### DATA BELOW

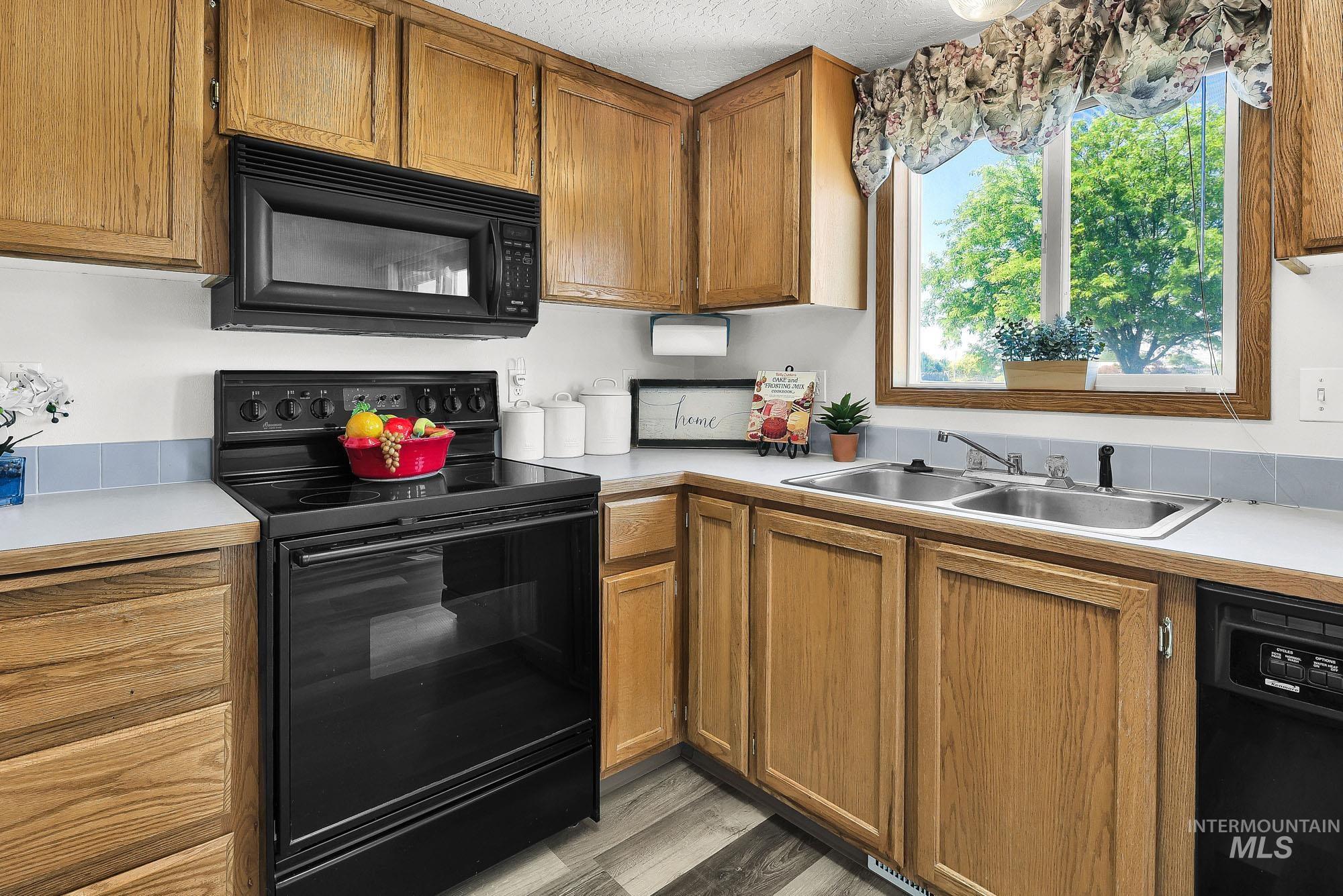 719 Trailside Dr, Caldwell, Idaho 83607-1503, 3 Bedrooms, 2 Bathrooms, Residential For Sale, Price $338,950,MLS 98991543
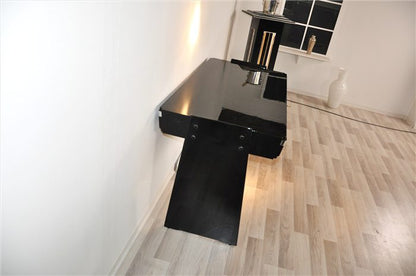 Bauhaus Schreibtisch in hochglänzendem Schwarz
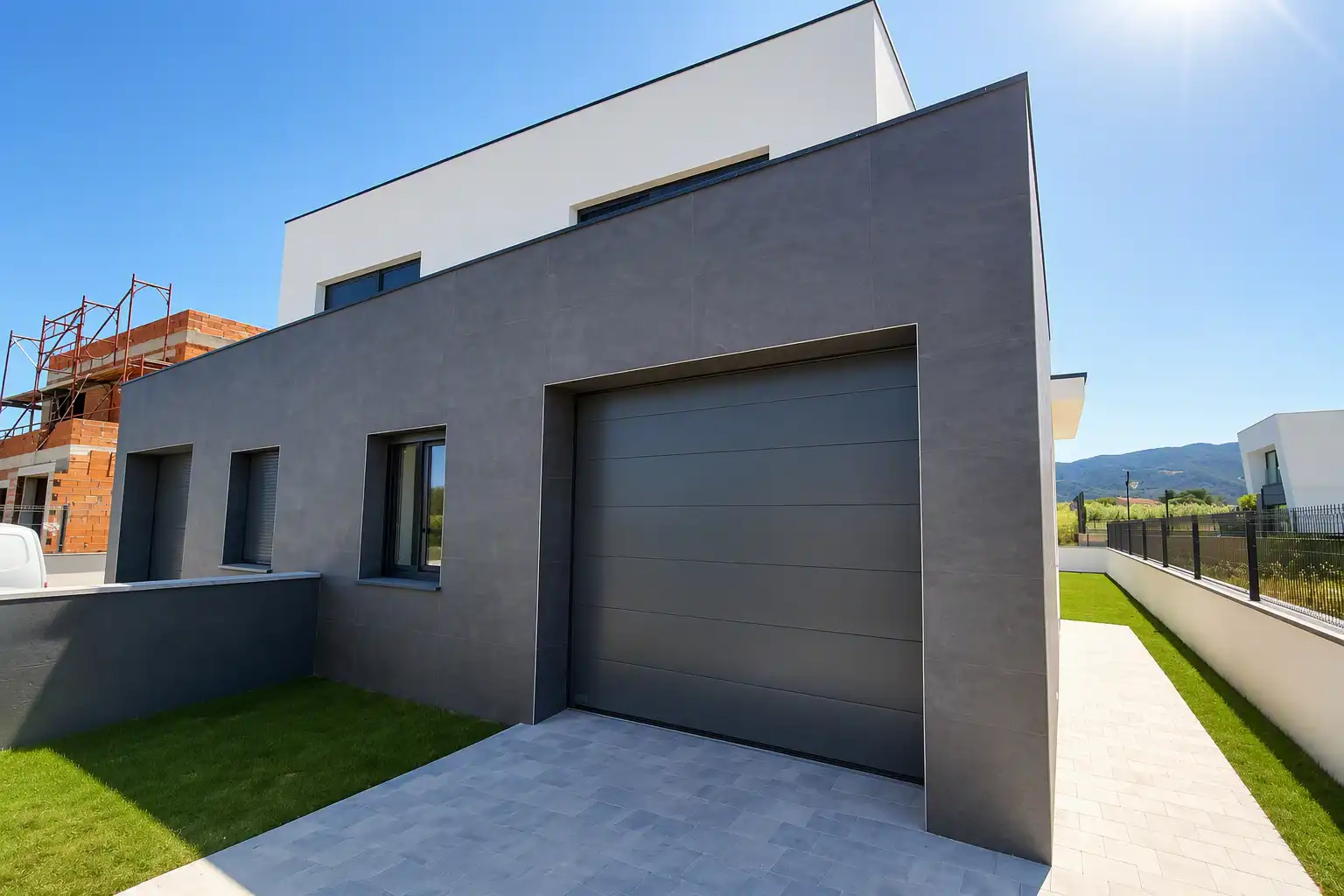 Casa pareada con terraza en venta en Carrer Pintor Solives 130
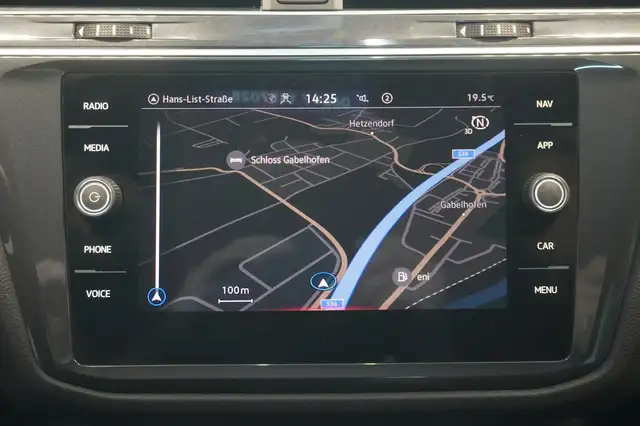 Volkswagen Tiguan view 15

### ACTIVITY
Would you return the data above exactly as written, minus the images?

### RESPONSE AREA
 719 Trailside Dr, Caldwell, Idaho 83607-1503, 3 Bedrooms, 2 Bathrooms, Residential For Sale, Price $338,950,MLS 98991543
 Bauhaus Schreibtisch in hochglänzendem Schwarz
 Casa pareada con terraza en venta en Carrer Pintor Solives 130
 Volkswagen Tiguan view 15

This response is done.